### Problem to solve
Give back, word for word, the lines in the listing below from the one holding "Самокат двухколесный складной" down to the one holding "X0000092260225200709281210", both ends included.

### Material supplied
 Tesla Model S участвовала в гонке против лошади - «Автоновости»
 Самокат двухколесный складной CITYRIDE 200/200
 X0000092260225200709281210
---
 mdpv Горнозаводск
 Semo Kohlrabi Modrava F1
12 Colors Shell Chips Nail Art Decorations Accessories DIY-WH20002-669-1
* * *
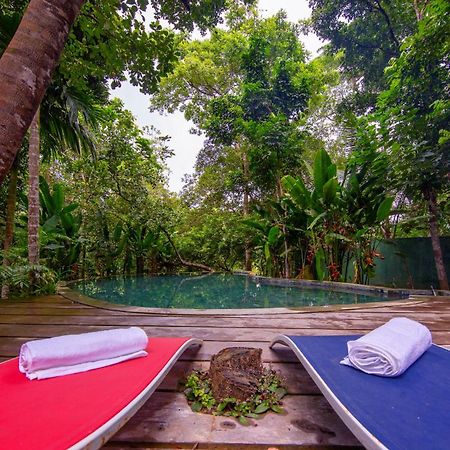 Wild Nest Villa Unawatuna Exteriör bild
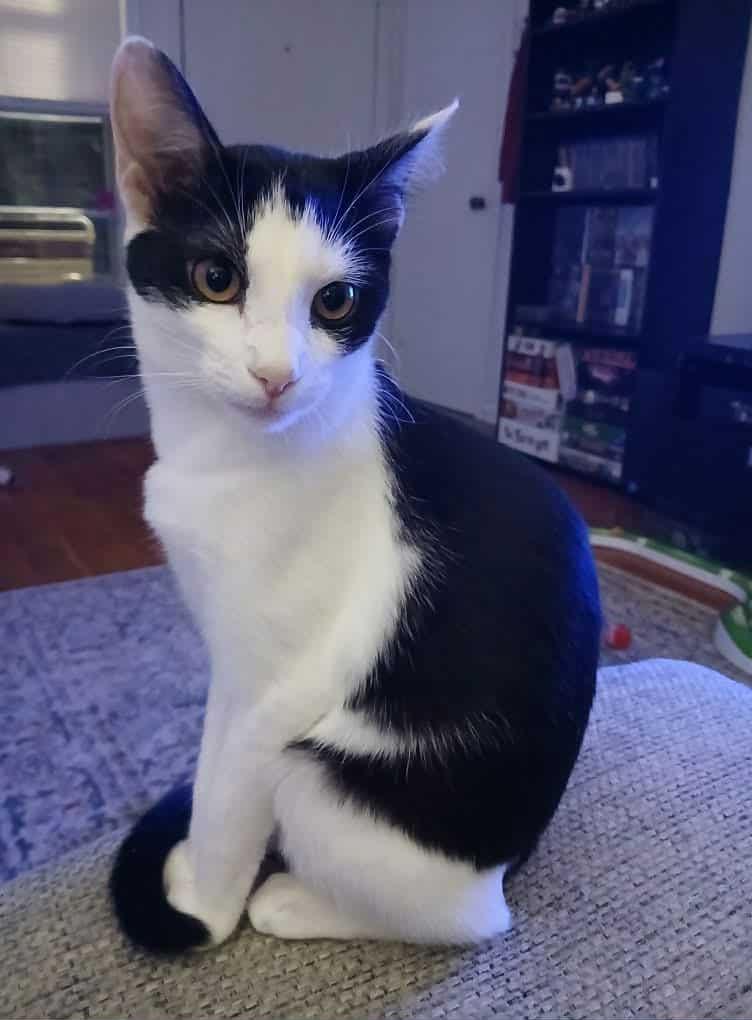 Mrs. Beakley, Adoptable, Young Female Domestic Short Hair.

### Task solution
 Самокат двухколесный складной CITYRIDE 200/200
 X0000092260225200709281210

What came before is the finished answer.